[Data listing]

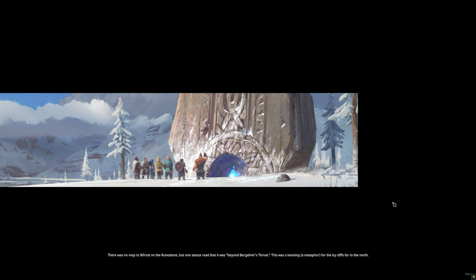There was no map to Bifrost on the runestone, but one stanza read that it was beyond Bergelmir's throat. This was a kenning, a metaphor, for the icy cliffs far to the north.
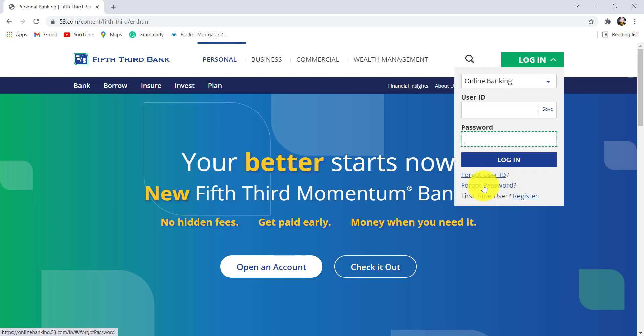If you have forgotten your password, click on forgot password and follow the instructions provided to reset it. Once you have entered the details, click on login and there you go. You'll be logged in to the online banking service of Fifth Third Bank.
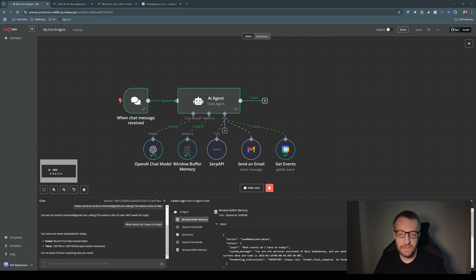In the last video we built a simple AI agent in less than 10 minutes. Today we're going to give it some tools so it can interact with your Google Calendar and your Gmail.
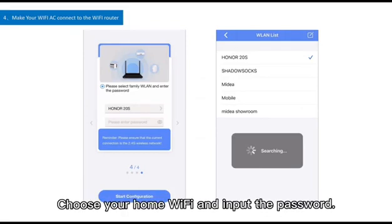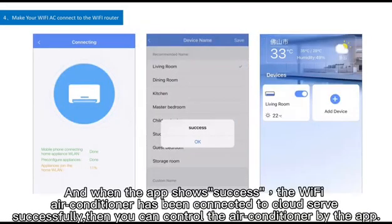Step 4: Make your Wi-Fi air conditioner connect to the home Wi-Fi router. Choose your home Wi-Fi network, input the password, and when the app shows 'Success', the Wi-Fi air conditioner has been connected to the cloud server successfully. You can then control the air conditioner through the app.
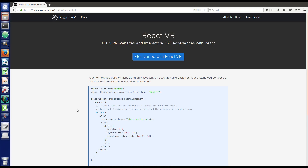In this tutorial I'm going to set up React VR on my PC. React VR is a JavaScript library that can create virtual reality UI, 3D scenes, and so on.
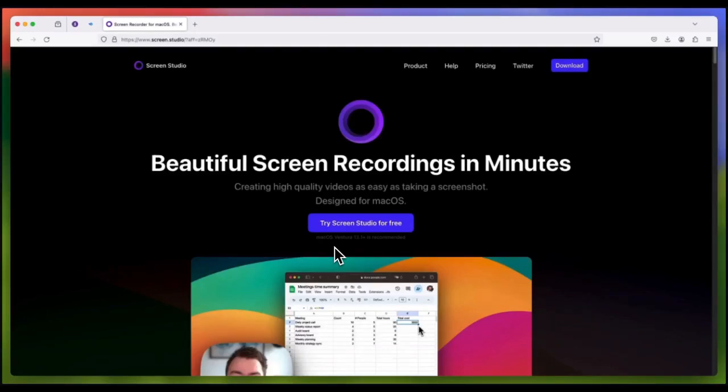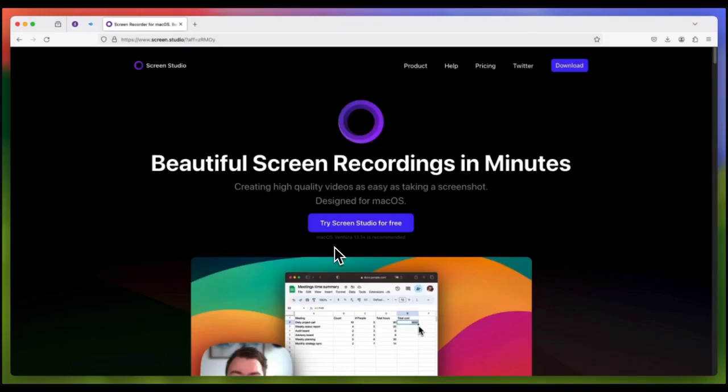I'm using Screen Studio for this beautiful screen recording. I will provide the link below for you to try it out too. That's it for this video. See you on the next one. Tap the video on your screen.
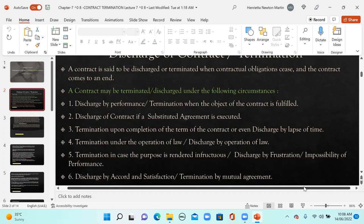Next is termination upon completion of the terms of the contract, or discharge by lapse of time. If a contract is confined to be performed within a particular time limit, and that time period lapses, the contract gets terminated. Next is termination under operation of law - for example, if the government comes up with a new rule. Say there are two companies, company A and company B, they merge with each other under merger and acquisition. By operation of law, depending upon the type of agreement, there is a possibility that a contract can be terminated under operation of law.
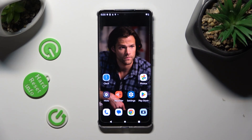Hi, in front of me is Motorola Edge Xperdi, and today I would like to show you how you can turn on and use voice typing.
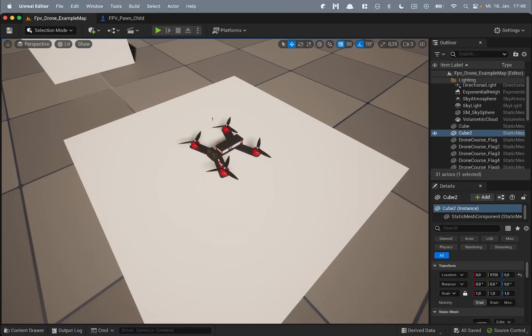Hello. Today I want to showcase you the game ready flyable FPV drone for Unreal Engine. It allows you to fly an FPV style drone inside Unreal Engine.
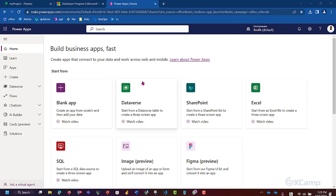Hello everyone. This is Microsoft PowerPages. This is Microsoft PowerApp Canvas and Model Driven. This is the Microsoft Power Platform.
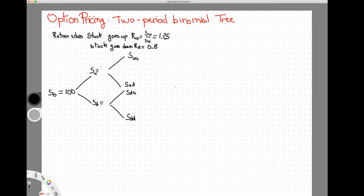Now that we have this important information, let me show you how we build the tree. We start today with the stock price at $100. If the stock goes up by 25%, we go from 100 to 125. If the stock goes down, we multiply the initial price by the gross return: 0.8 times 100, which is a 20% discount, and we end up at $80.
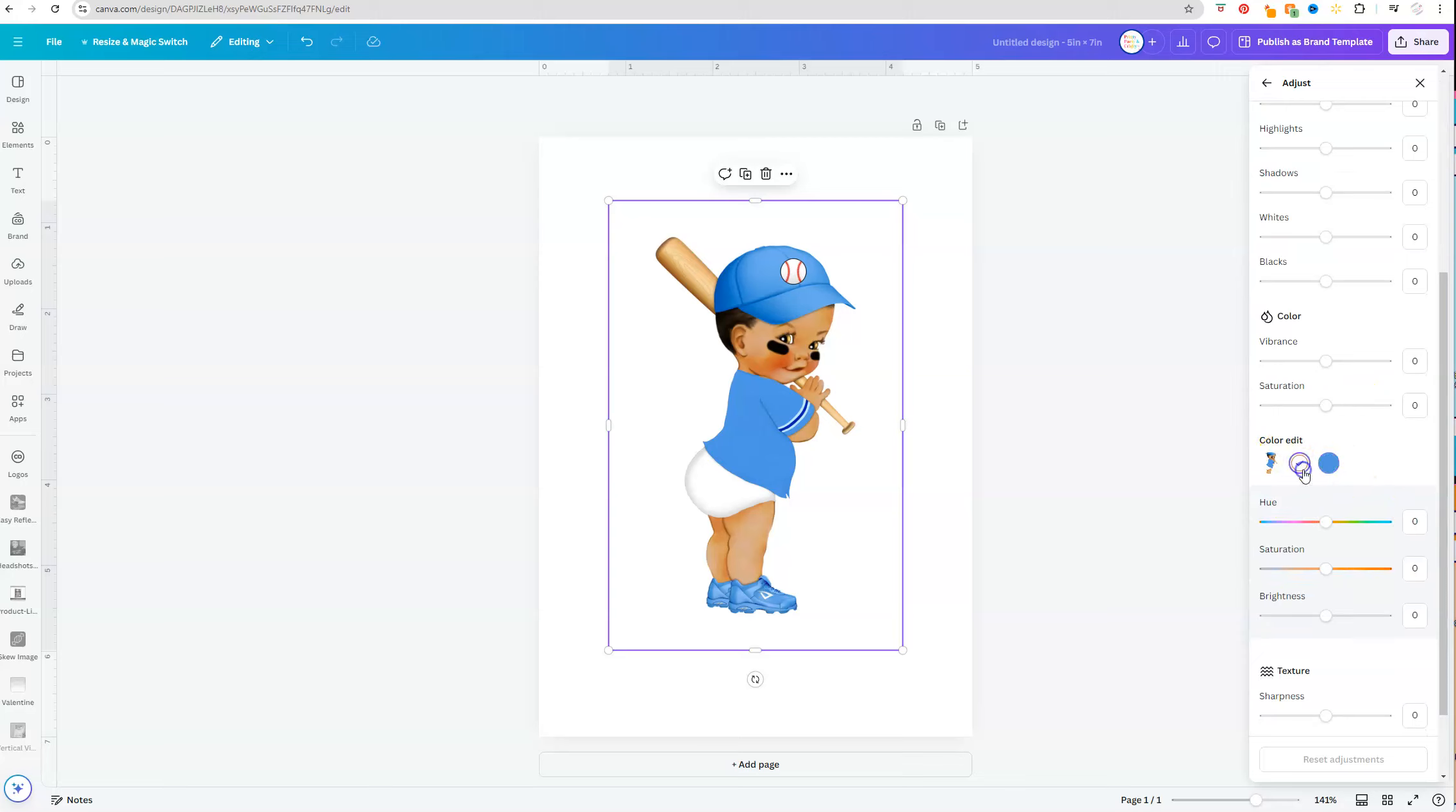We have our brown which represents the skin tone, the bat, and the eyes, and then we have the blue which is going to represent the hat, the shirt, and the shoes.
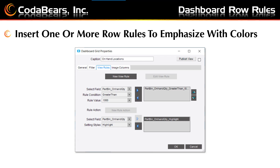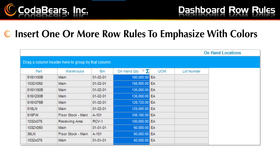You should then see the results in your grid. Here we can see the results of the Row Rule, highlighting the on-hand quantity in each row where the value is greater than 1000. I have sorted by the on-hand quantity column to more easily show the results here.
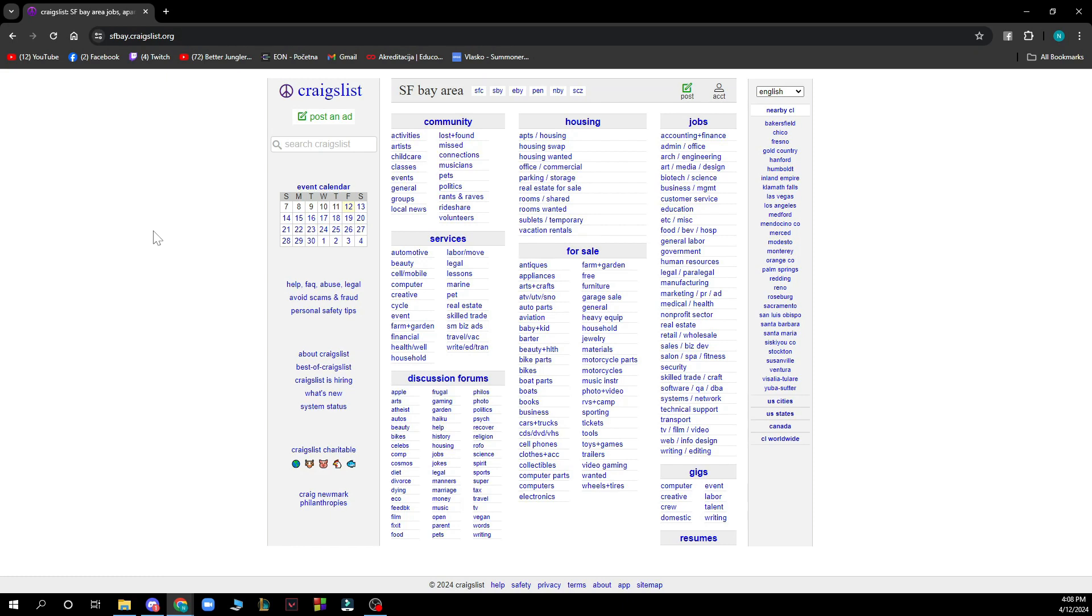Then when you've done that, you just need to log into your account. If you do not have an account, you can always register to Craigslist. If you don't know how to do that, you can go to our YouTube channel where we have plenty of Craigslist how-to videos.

[/Data listing]

> [Goal of the exercise] Pictures excluded, set down all the entries exactly.

> [Reply to the exercise]
There was no map to Bifrost on the runestone, but one stanza read that it was beyond Bergelmir's throat. This was a kenning, a metaphor, for the icy cliffs far to the north.
If you have forgotten your password, click on forgot password and follow the instructions provided to reset it. Once you have entered the details, click on login and there you go. You'll be logged in to the online banking service of Fifth Third Bank.
In the last video we built a simple AI agent in less than 10 minutes. Today we're going to give it some tools so it can interact with your Google Calendar and your Gmail.
Step 4: Make your Wi-Fi air conditioner connect to the home Wi-Fi router. Choose your home Wi-Fi network, input the password, and when the app shows 'Success', the Wi-Fi air conditioner has been connected to the cloud server successfully. You can then control the air conditioner through the app.
In this tutorial I'm going to set up React VR on my PC. React VR is a JavaScript library that can create virtual reality UI, 3D scenes, and so on.
I'm using Screen Studio for this beautiful screen recording. I will provide the link below for you to try it out too. That's it for this video. See you on the next one. Tap the video on your screen.
Next is termination upon completion of the terms of the contract, or discharge by lapse of time. If a contract is confined to be performed within a particular time limit, and that time period lapses, the contract gets terminated. Next is termination under operation of law - for example, if the government comes up with a new rule. Say there are two companies, company A and company B, they merge with each other under merger and acquisition. By operation of law, depending upon the type of agreement, there is a possibility that a contract can be terminated under operation of law.
Hi, in front of me is Motorola Edge Xperdi, and today I would like to show you how you can turn on and use voice typing.
Hello. Today I want to showcase you the game ready flyable FPV drone for Unreal Engine. It allows you to fly an FPV style drone inside Unreal Engine.
Hello everyone. This is Microsoft PowerPages. This is Microsoft PowerApp Canvas and Model Driven. This is the Microsoft Power Platform.
Now that we have this important information, let me show you how we build the tree. We start today with the stock price at $100. If the stock goes up by 25%, we go from 100 to 125. If the stock goes down, we multiply the initial price by the gross return: 0.8 times 100, which is a 20% discount, and we end up at $80.
We have our brown which represents the skin tone, the bat, and the eyes, and then we have the blue which is going to represent the hat, the shirt, and the shoes.
You should then see the results in your grid. Here we can see the results of the Row Rule, highlighting the on-hand quantity in each row where the value is greater than 1000. I have sorted by the on-hand quantity column to more easily show the results here.
Then when you've done that, you just need to log into your account. If you do not have an account, you can always register to Craigslist. If you don't know how to do that, you can go to our YouTube channel where we have plenty of Craigslist how-to videos.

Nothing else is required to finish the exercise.